Work to complete: Would you transcribe the whole listing exactly, minus its pictures?

Information provided:
____
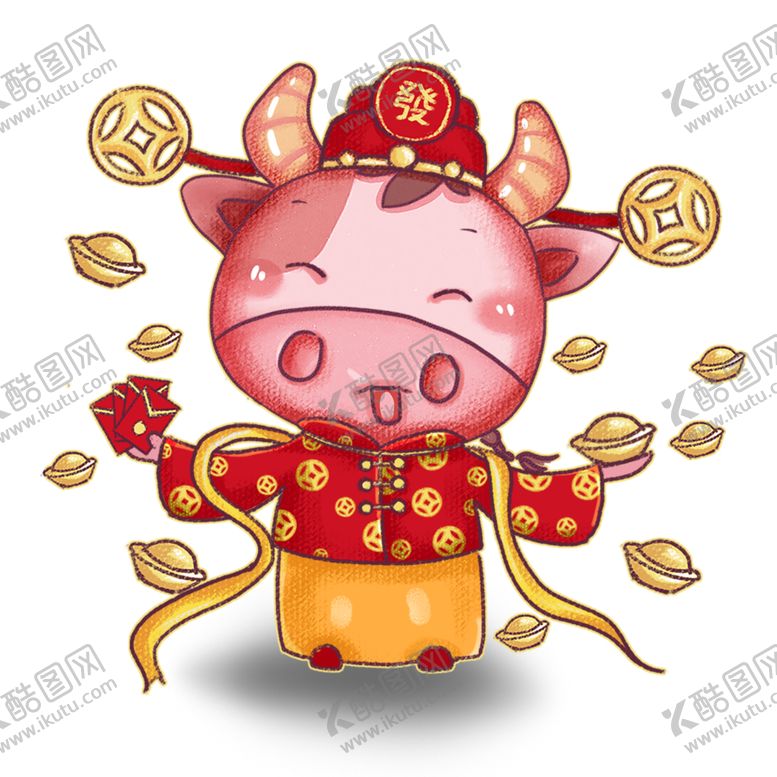编号：12963905080146521421【酷图网】源文件下载-牛卡通形象(246)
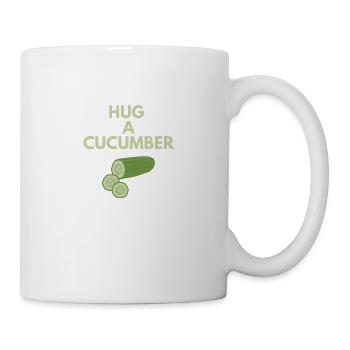HUG A CUCUMBER - Mug - white - Right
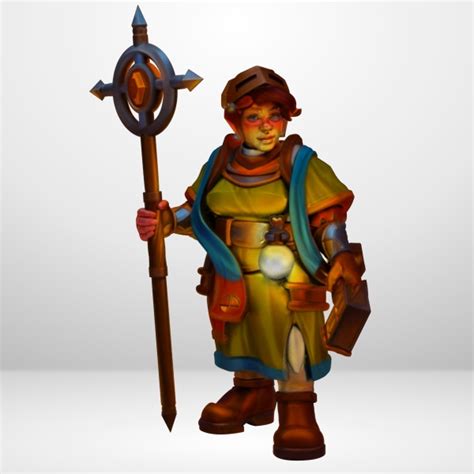 Hot Goblin ドワーフ巫女 ミニチュア ホットゴブリン TRPG 聖職者フィギュア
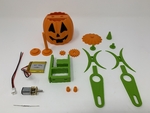  Walking pumpkin ii  3d model for 3d printers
____
Your solution:
编号：12963905080146521421【酷图网】源文件下载-牛卡通形象(246)
HUG A CUCUMBER - Mug - white - Right
 Hot Goblin ドワーフ巫女 ミニチュア ホットゴブリン TRPG 聖職者フィギュア
  Walking pumpkin ii  3d model for 3d printers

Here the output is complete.